8 Ocak 2024 Pazartesi

Hadisler Kur'an'ın Nesidir?

İslam dünyasında aşılamayan sorunların başında hadisler geliyor. Dini alanda ayrışmanın, kutuplaşmanın, fikir ayrılığının ve tekfirciliğin temelinde, hadislere bakış açısının yattığını söyleyebiliriz.

Hadislere bakış açımızda bir fikir birliği olmadığı müddetçe Müslümanlar arasında birlik sağlanamadığı gibi ayrışma daha da artacaktır.

Pek az insan hadisler konusundaki bu açmazdan haberdar. Ama gündeme getirmiyorlar. Daha doğrusu getiremiyorlar. Çünkü netameli bir konu olduğundan, dışlanma ve ötekileştirme endişesiyle kimse bu konuyu masaya yatıramıyor. Çünkü ya hadis inkarcısı denecek ya da Kur'an yeterci denecek.

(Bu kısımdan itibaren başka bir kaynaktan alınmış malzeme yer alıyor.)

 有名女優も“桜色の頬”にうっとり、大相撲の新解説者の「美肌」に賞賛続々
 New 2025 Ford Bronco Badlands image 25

Aşılamayan kronikleşmiş bu sorun son yüzyılın sorunu değildir. Ehli hadis ve ehli rey ekolleri arasında geçmişten günümüze devam etmektedir. Tartışma, fikir alışverişi seviyesinde yürüse problem değil. En azından bir mesafe kat edilir. Bir arada bu konular konuşulmuş olur. Ne var ki İslam dünyası Allah'ın özgür bıraktığı fikir ayrılığı konusunda zaten sınıfta kalmıştır. Linç, itham, tekfir hepsi var. 

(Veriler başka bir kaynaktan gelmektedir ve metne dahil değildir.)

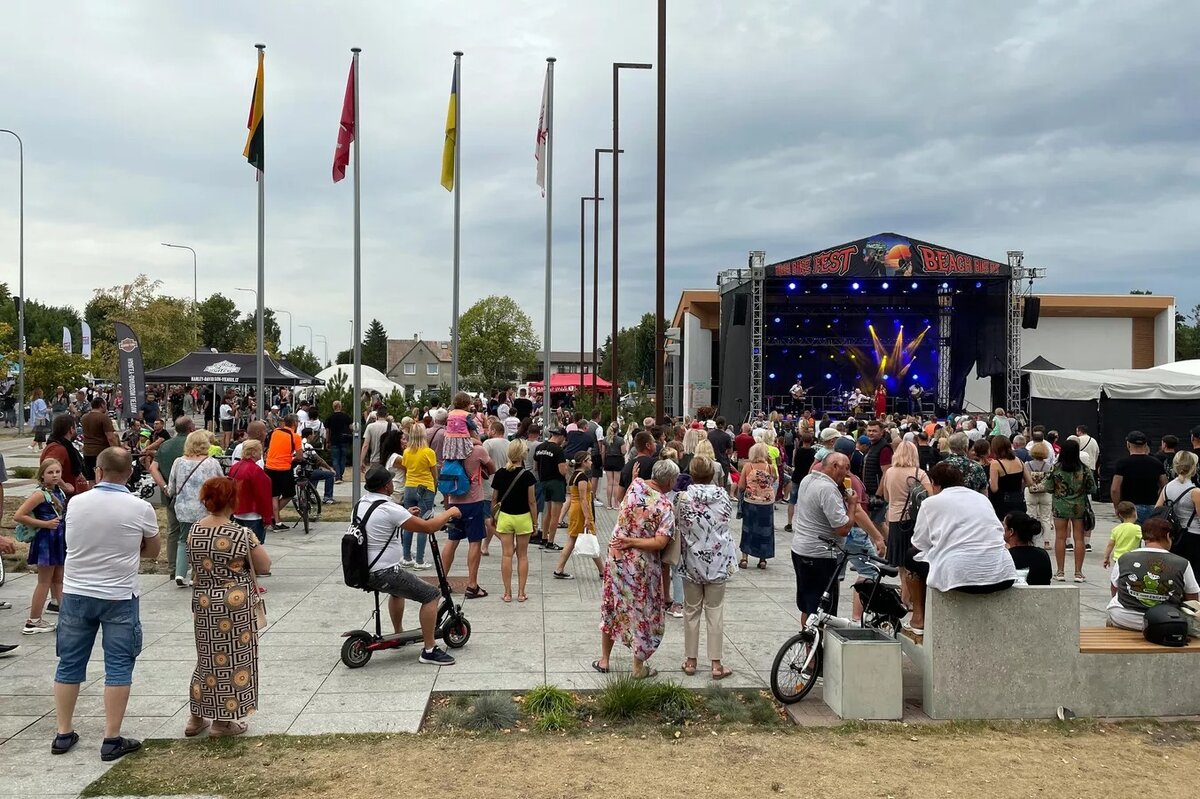 На прошлой неделе в Швянтойи состоялся фестиваль Beach Bike Fest.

İşin uzmanları da bu alanın netameli olduğunu bildiği için hiç bu alana girmiyor. Çünkü linç, itham, tekfir ve dışlanmayı göze alması gerekir. O yüzden hadisler konusunda konuşmak, tahlil yapmak bir tabudur. 

Diyanet İşleri Başkanlığı senede bir iki defa bu konuyu hutbe konusu edinir. "Kim resule itaat ederse, Allah'a itaat etmiş olur", "Allah'ın peygamberi size ne veriyorsa alın, sizi neden sakındırıyorsa kaçının" ayetlerini hutbenin içeriğine alır ve sünnetin önemine dikkat çeker. Sünnet olmadan Kur'an anlaşılamaz vurgusuna dikkat çeker. 

Verdiği bu hutbelerle Diyanet, konuyu enine boyuna işlemekten ziyade adeta top çevirmektedir. Çünkü orta yerdeki mesele sünnetten ziyade hadislerdir. Sünnet ile hadis her ne kadar birbirinin yerine kullanılsa da farklıdır. Sünnet peygamberin dini bir gerekçe dolayısıyla adet haline getirdiği ve uygulamasını gösterdiği eylemlerdir. Hadisler ise sünnetin sözlü rivayetidir. Maalesef içine uydurma rivayetler girmiştir.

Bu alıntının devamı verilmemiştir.